Ada Diamonds sells lab-grown diamonds and jewelers can't tell https://news.ycombinator.com/item?id=17228369

De Beers admits defeat over man-made diamonds https://news.ycombinator.com/item?id=17183603

There is nearly an infinite supply [for all practical purposes] of mined diamonds, for that matter. And lab-made diamonds are real, and aside from the early versions being a little too perfect they are indistinguishable from mined diamonds.
There's an infinite supply, but there's non-zero cost associated with accessing incremental units in that supply. (And some would say diamonds are an artificially constrained market anyway.) With crypto, there's arguably an unlimited supply at zero cost.
> With crypto, there's arguably an unlimited supply at zero cost.

I like that one. Makes it seem like its a perpetual motion machine and we all know how that ends.

The mining cost is actually quite high for bitcoin, there's a friction involved that's being overcome.
They pretty much are fungible with natural diamonds. High quality synthetics can't be told by eye from equivalent quality naturals.

If they're < 1ct., it doesn't pay to have them analyzed.

"Real" diamonds have always been considered scarce, but only because of marketing. De Beers, AlRosa, etc. have very large reserves of natural diamonds. Over time, they will become genuinely scarce, as the industry agrees that economically recoverable deposits of natural gems will decline after about 2020.

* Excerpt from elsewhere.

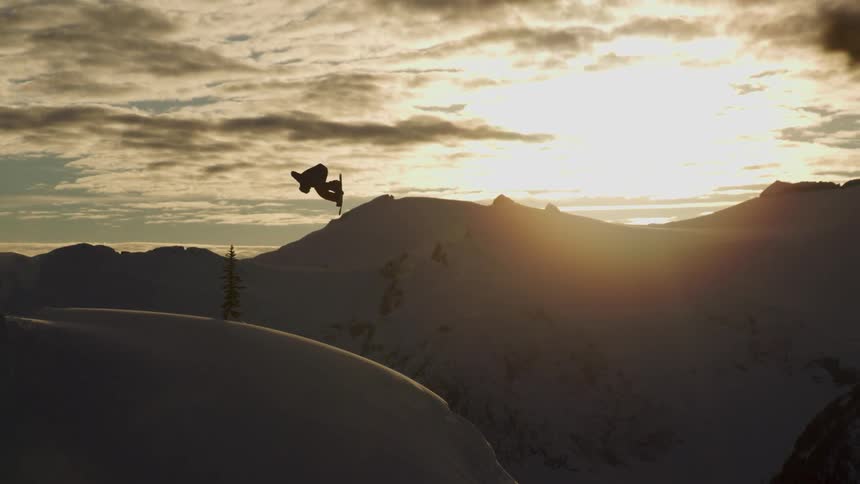 A snowboarder jumps as the sun sets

This analogy isnt complete though because it doesnt take into account network health. Its easy to make a cryptocurrency, but hard to build a network large enough to defend against various attacks. There are many, man coins out there suseptible to double spending - bitcoin is the most secure, and this security adds some value in itself.
Maybe you're jumping to the conclusion too fast. Most coins don't have publicly declared vulnerabilities (ie there might be many 0days). But it might be untrue that bitcoin price is not being manipulated (an attack itself on the network) based on multiple articles on HN alone.

So bitcoin might not be too unique or valuable.

Diamonds aren’t scarce. They are just unevenly distributed, and a few cartels own the means of production. The resale market for all but the most valuable diamonds is complete crap, because deBeers keeps bringing enough new diamonds to market every year to meet demand.